Alexander Rossi will become the fifth former winner of the great American race to compete in the SCORE Baja 1000. Rossi is the International open-wheel racer who won the 2016 Indianapolis 500 as a rookie. The 51st SCORE Baja 1000 is set for Nov. 14-18 in Ensenada, Baja California, Mexico.
Rossi, 27, from Nevada City, California, has raced in Formula 1 and is now a regular with Andretti Autosport in the IndyCar Series. He will share driving responsibilities in the SCORE Baja 1000 with Jeff Proctor in the No. 709 Honda Ridgeline. Rossi won three races, had eight podiums, earned three poles and had a series-high 321 passes while finishing second in the 2018 Indy Car Series point championship.
Proctor, 39, Glendora, California, won his class in the SCORE Baja 1000 in both 2015 and 2016 in his No. 709 Honda Ridgeline factory-supported race truck.
SCORE races have classes for cars, trucks, UTVs, motorcycles and quads. Class 7 is the division for Unlimited, six-cylinder production appearing trucks or SUVs.
Indy Champs in Baja
Rossi joins four other former Indy 500 winners who have competed in the Baja 1000. Besides Rossi (2016 Indy 500 winner), the other Indy 500 winners who have raced in the SCORE Baja 1000 and the year(s) they won in Indy are Parnelli Jones (1963), Rick Mears (1979, 1987, 1988, 1991), Danny Sullivan (1987) and Buddy Rice (2004). Between them, the five racers have eight victories in the Indy 500.
IndyCar season champions who have raced in the SCORE Baja 1000 are Mears, Sebastien Bourdais, Jimmy Vasser, Ryan Hunter-Reay and Paul Tracy.
Of the former IndyCar racers who have competed in the SCORE Baja 1000, only Jones has wins in this race, having won in both 1971 and 1972.
More IndyCar Ties
Ties between IndyCar racing and the SCORE Baja 1000 run deep.
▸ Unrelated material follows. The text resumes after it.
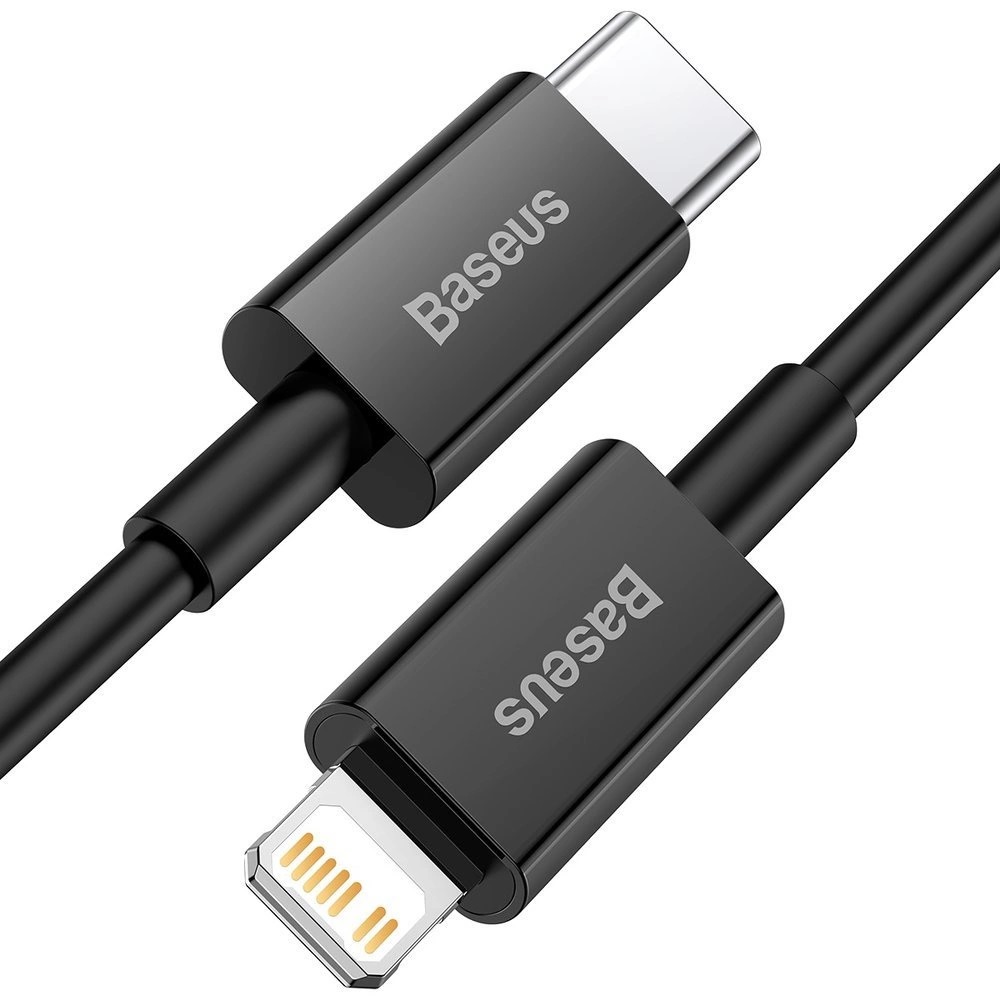 Baseus Cable Type-C to Lightning Superior Series Fast Charging PD 20W 1m, Black - Image 2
Nearly 30 Indy 500 racers have competed in the legendary SCORE Baja 1000.
Among the other former IndyCar racers who have competed in the SCORE Baja 1000 over its first 50 years are Roger Mears (Rick Mears’ older brother), Jeff Macpherson, Mike Groff, Robbie Groff, Wally Dallenbach, Jr., Dominic Dobson, Josele Garza, Robby Gordon, Roberto Guerrero, Pete Halsmer, Stefan Johansson, P.J. Jones, Michel Jourdain, Jr., Bernardo Jourdain, Danny Ongais, Ted Pappas, Oriol Servia, Johnny Unser, Bill Whittington and his brother Don Whittington.
In an interview since he retired from racing, four-time Indy 500 winner Rick Mears summed up his thoughts regarding SCORE Baja racing saying, “Desert racing is far more demanding than people realize. It taught me so much. You can’t memorize a 100-mile lap or a 1,000-mile course down the Baja peninsula, and you have to adapt to surfaces in the desert that vary from asphalt to sand to dirt to mud, rocks and even snow. After that, Indy racing seemed so easy: nice smooth surface, no ruts or holes, and just four hours, when I’d been used to 10 or 12 without a break in the desert.”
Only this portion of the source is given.